[Assignment]
Only the lines from the one that contains "DADDY HAPPY" through the final line of the entries should be repeated, exactly as written.

Start of Block

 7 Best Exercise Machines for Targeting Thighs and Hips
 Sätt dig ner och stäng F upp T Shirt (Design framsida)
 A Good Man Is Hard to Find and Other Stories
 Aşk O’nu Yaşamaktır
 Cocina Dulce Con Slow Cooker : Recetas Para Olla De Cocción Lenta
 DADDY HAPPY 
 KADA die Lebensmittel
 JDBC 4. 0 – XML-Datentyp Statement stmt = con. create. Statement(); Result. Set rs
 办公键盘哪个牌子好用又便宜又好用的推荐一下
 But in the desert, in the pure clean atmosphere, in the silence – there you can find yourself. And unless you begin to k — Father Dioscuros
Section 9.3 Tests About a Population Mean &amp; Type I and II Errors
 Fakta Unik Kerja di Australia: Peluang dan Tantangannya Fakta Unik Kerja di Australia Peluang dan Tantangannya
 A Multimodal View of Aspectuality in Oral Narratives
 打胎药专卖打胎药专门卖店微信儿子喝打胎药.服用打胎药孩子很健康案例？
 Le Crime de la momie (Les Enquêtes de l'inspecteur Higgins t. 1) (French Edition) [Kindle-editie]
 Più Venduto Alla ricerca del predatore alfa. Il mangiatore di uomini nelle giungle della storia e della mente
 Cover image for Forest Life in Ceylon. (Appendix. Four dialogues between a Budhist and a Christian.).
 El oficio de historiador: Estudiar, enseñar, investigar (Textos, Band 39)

End of Block

[Solution to the exercise]
 DADDY HAPPY 
 KADA die Lebensmittel
 JDBC 4. 0 – XML-Datentyp Statement stmt = con. create. Statement(); Result. Set rs
 办公键盘哪个牌子好用又便宜又好用的推荐一下
 But in the desert, in the pure clean atmosphere, in the silence – there you can find yourself. And unless you begin to k — Father Dioscuros
Section 9.3 Tests About a Population Mean &amp; Type I and II Errors
 Fakta Unik Kerja di Australia: Peluang dan Tantangannya Fakta Unik Kerja di Australia Peluang dan Tantangannya
 A Multimodal View of Aspectuality in Oral Narratives
 打胎药专卖打胎药专门卖店微信儿子喝打胎药.服用打胎药孩子很健康案例？
 Le Crime de la momie (Les Enquêtes de l'inspecteur Higgins t. 1) (French Edition) [Kindle-editie]
 Più Venduto Alla ricerca del predatore alfa. Il mangiatore di uomini nelle giungle della storia e della mente
 Cover image for Forest Life in Ceylon. (Appendix. Four dialogues between a Budhist and a Christian.).
 El oficio de historiador: Estudiar, enseñar, investigar (Textos, Band 39)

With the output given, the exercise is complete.